Web page caption snippets →
Segment Open

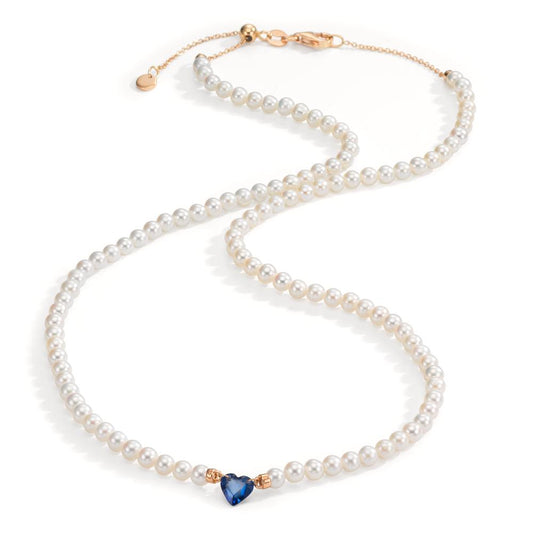 Collier 750/18 K rött guld safir 0.58 ct Sötvattensodlad pärla, 3.5 mm Hjärta 40-44 cm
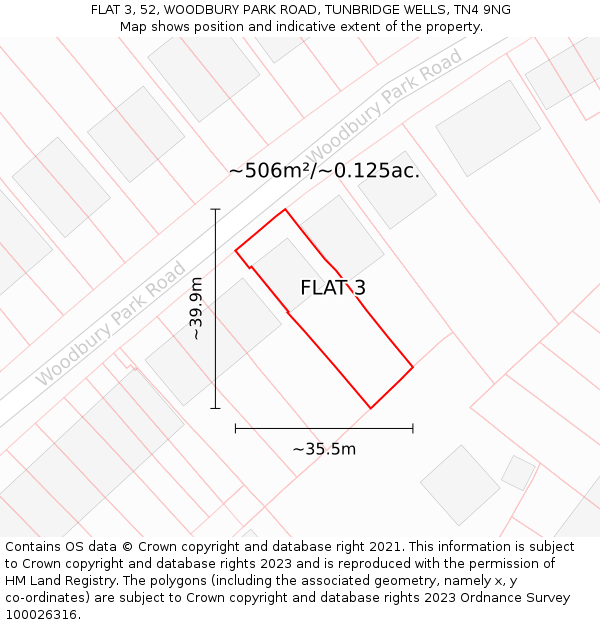 FLAT 3, 52, WOODBURY PARK ROAD, TUNBRIDGE WELLS, TN4 9NG: Plot and title map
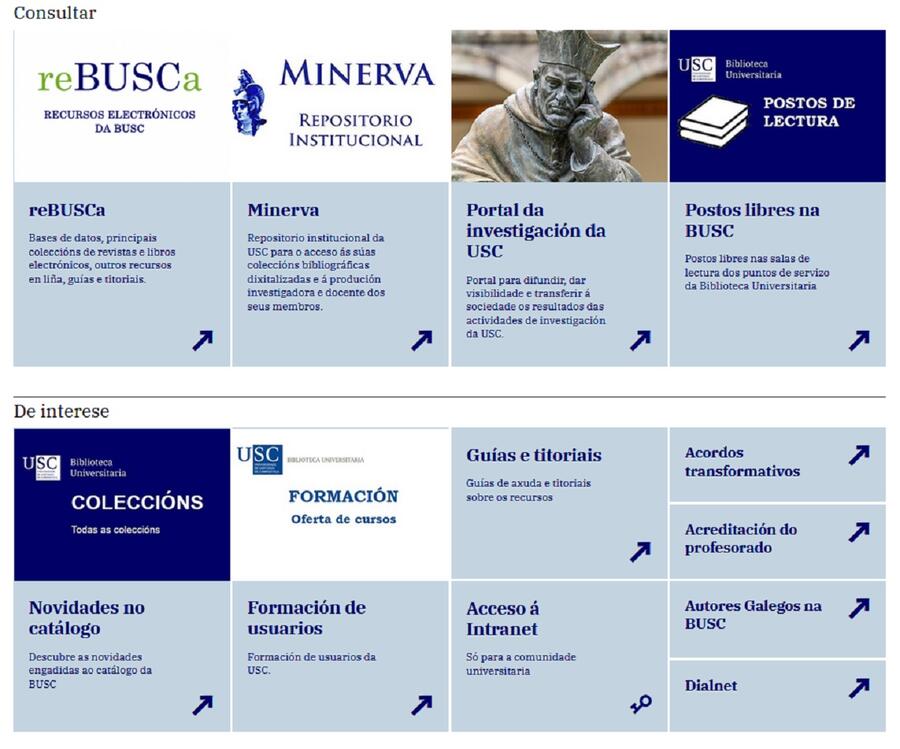 A BUSC vén de actualizar a interface da súa páxina web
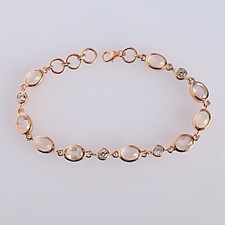 Natural Rose Quartz Gemstoen Link Bracelet 925 Silver Rose Gold Plated Jewelry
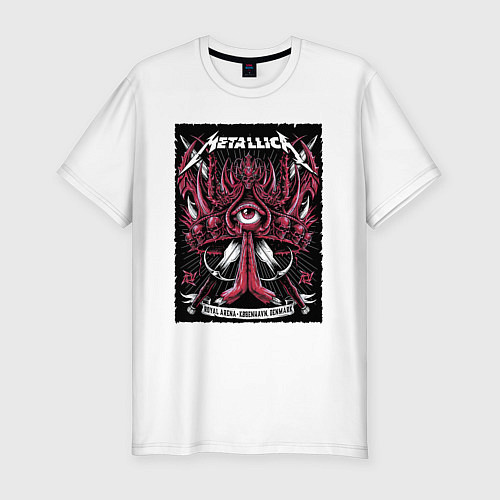 Мужская slim-футболка Metallica - royal arena Denmark / Белый – фото 1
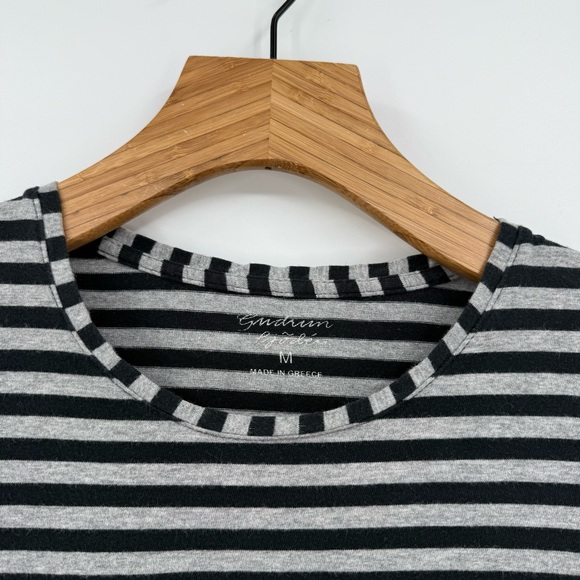 Gudrun Sjoden Organic Cotton Striped Essential Top in Black Grey Size M - Picture 4 of 9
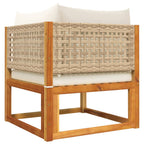 5-tlg. Gartensofa-Set mit Kissen Holz Akazie & Rattan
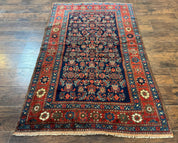 Antique Persian Tribal Rug 4x6, Kurdish Rug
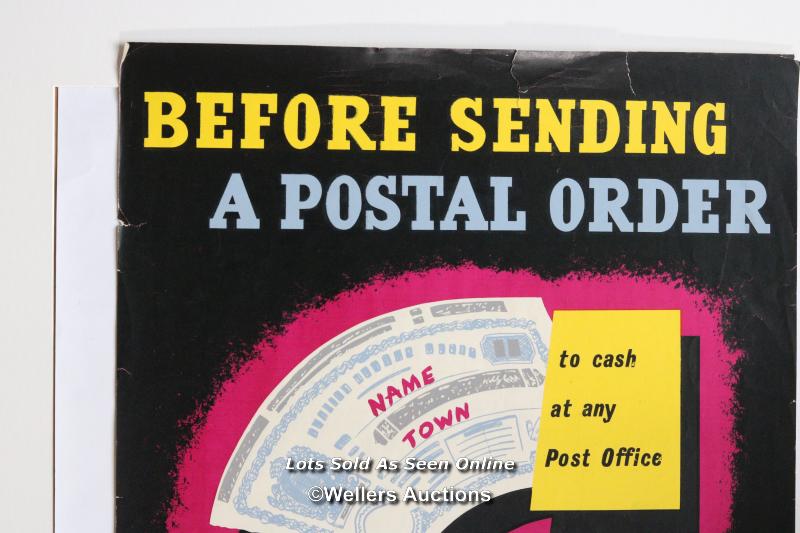 Vintage G.P.O. poster "Before sending postal order make it secure", art by Stan Kroll, c1950's - Image 7 of 9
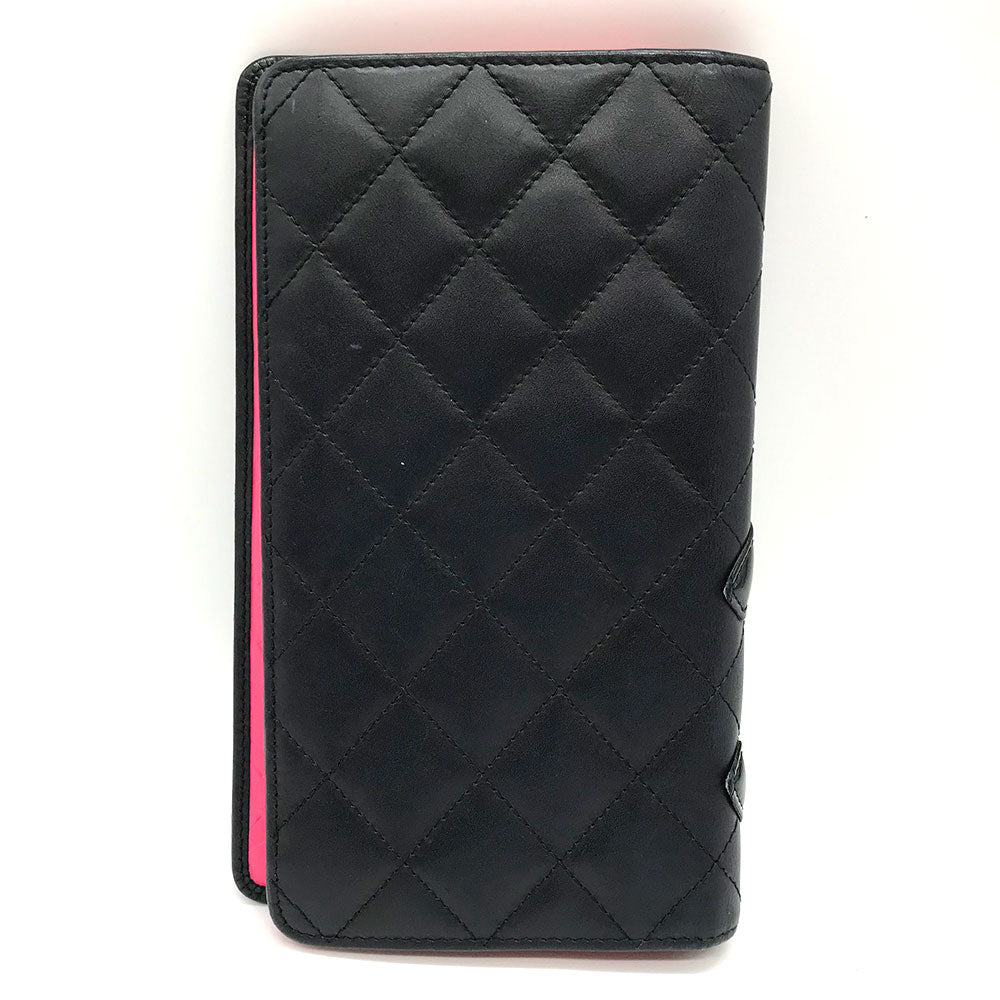 Chanel Cambon Bifold Long Wallet Black Pink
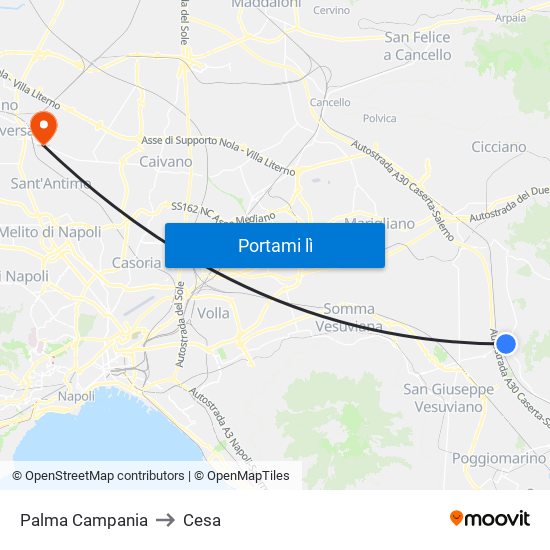 Palma Campania to Cesa map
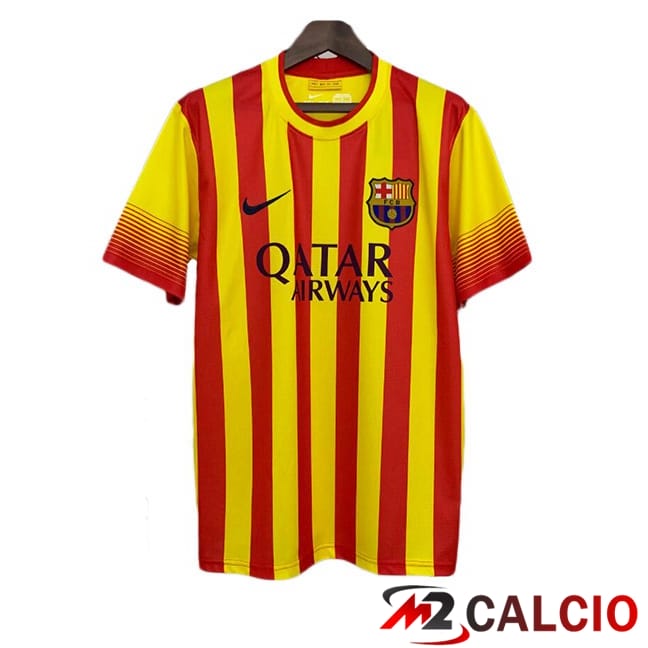 Maglie Calcio Personalizzate,Tute Calcio Squadre,Maglia Nazionale Italiana Calcio | Maglie Calcio FC Barcellona Retro Seconda Giallo Rosso 2013-2014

Segment Closed

Instructions for the task →
Print every record above exactly, but no pictures.

Task result →
 Collier 750/18 K rött guld safir 0.58 ct Sötvattensodlad pärla, 3.5 mm Hjärta 40-44 cm
 FLAT 3, 52, WOODBURY PARK ROAD, TUNBRIDGE WELLS, TN4 9NG: Plot and title map
 A BUSC vén de actualizar a interface da súa páxina web
 Natural Rose Quartz Gemstoen Link Bracelet 925 Silver Rose Gold Plated Jewelry
 Мужская slim-футболка Metallica - royal arena Denmark / Белый – фото 1
 Gudrun Sjoden Organic Cotton Striped Essential Top in Black Grey Size M - Picture 4 of 9
 5-tlg. Gartensofa-Set mit Kissen Holz Akazie & Rattan
 Antique Persian Tribal Rug 4x6, Kurdish Rug
 Vintage G.P.O. poster "Before sending postal order make it secure", art by Stan Kroll, c1950's - Image 7 of 9
 Chanel Cambon Bifold Long Wallet Black Pink
 Palma Campania to Cesa map
 Maglie Calcio Personalizzate,Tute Calcio Squadre,Maglia Nazionale Italiana Calcio | Maglie Calcio FC Barcellona Retro Seconda Giallo Rosso 2013-2014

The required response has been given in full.